Słoweniec z Jumbo-Visma jest bardzo zadowolony ze zwycięstwa na czasówce i odzyskania koszulki lidera hiszpańskiej Vuelty.
Czasówka kończąca się na Mirador de Ézaro była emocjonująca do samego końca. Na dwóch międzyczasach najlepszy był Will Barta (CCC Team) i wydawało się, że to on będzie mógł się cieszyć ze swojego pierwszego, jakże ważnego zwycięstwa. Jednak rzutem na taśmę o sekundę na linii mety lepszy okazał się nie kto inny jak Primoz Roglic. Tym samym kolarz Jumbo-Visma wrócił także na pozycję lidera La Vuelta a Espana.
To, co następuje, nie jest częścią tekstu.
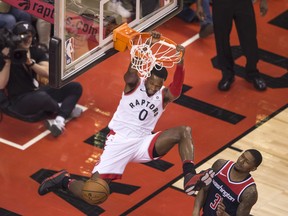 Toronto Raptors forward C.J. Miles dunks in front of Washington Wizards guard Bradley Beal on April 17.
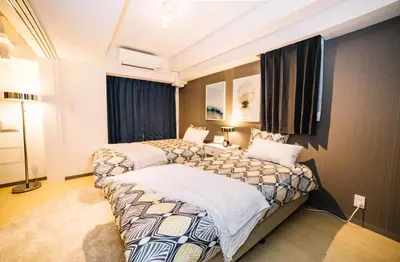 a bedroom with two beds and a window at Universal Haneda in Tokyo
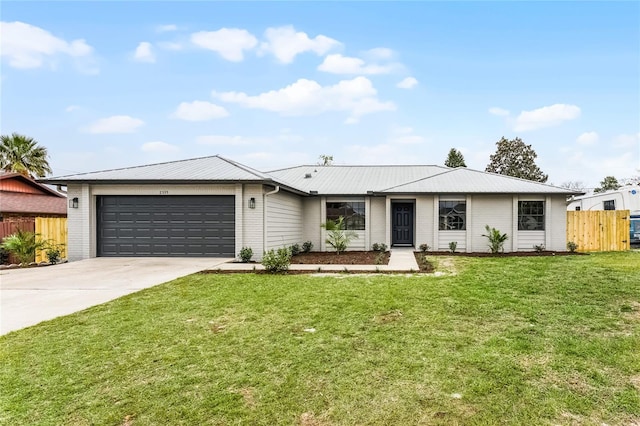 view of front of house with a garage, concrete driveway, metal roof, and a front yard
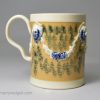 Creamware pottery mug decorated with tan slip and blue sponge marks under the glaze, circa 1790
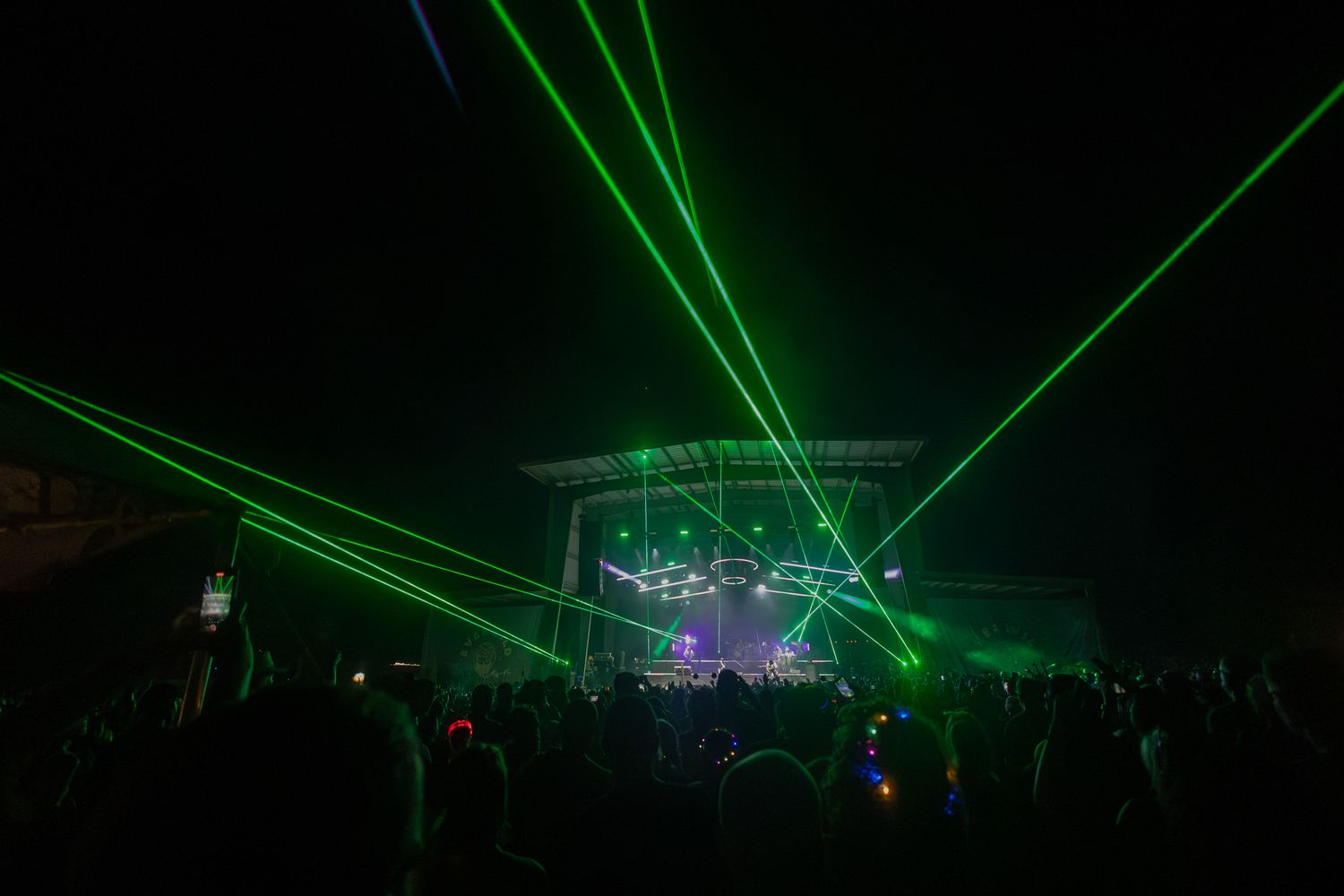 Green laser beams illuminate concert venue during nighttime performance.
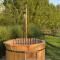 Logie Marie with hottub in the garden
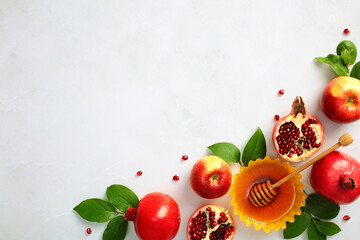 Rosh Hashanah Jewish New Year holiday concept. Flat lay composition with pomegranate, honey, apples, green leaves on stone background. Top view, copy space.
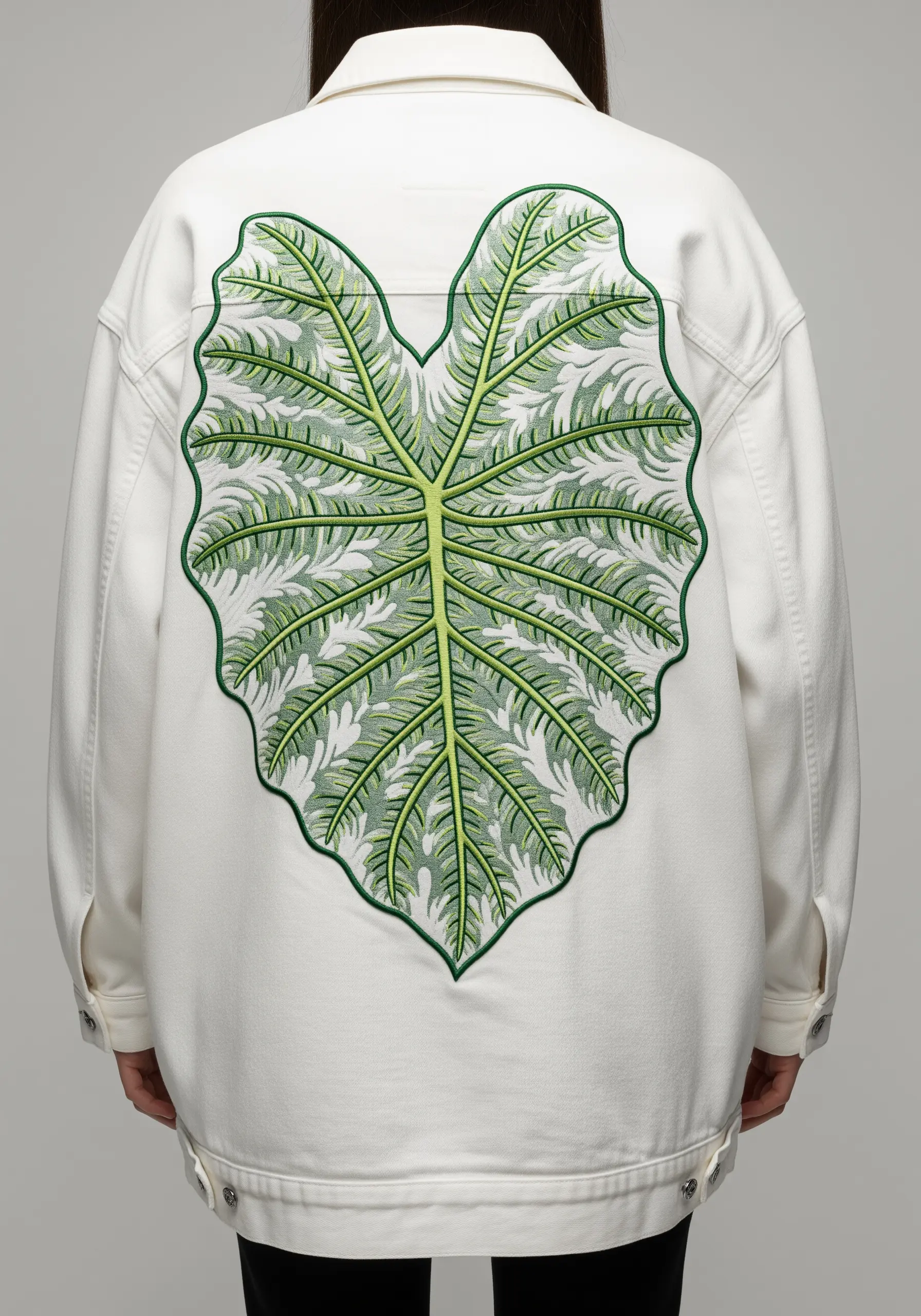 A large, intricately veined alocasia leaf embroidered on a white jacket.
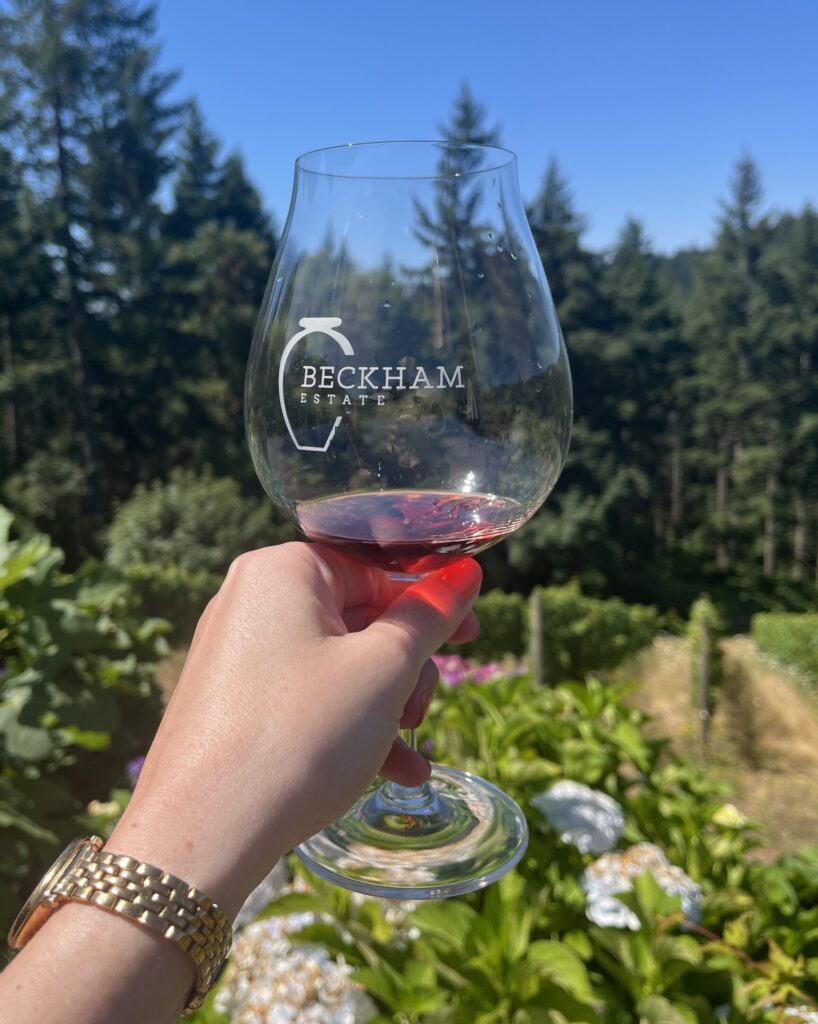 Photo of person holding a glass of wine with the Beckham Estate Vineyard in the background (Must-Do Fall Activities In and Around Wilsonville)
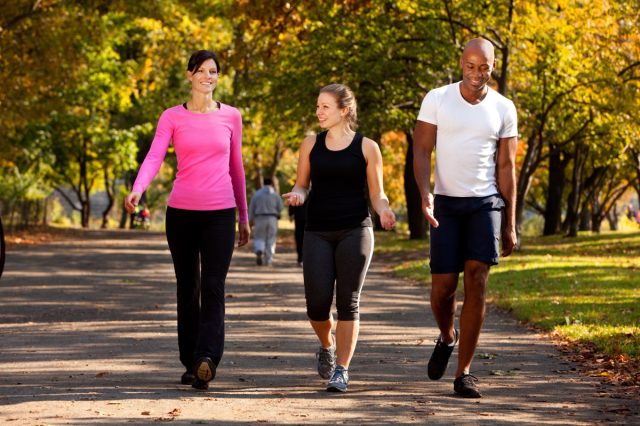 two women and a man walking together in a park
To naprawdę bardzo miły dzień. Cieszę się, że znowu po dłuższej przerwie udało mi się wygrać czasówkę. Obawiałem się tego etapu, ale o dziwo poczułem się dziś silny. Wielu spodziewało się, że na finałowej ściance mogę stracić do Carapaza. Na szczęście moja forma dzisiaj dopisała. Ważne, że mam 39 sekund przewagi, a nie straty w generalce. Nadal walczymy o zwycięstwo i na tym musimy się skupić
– powiedział szczęśliwy na mecie Słoweniec.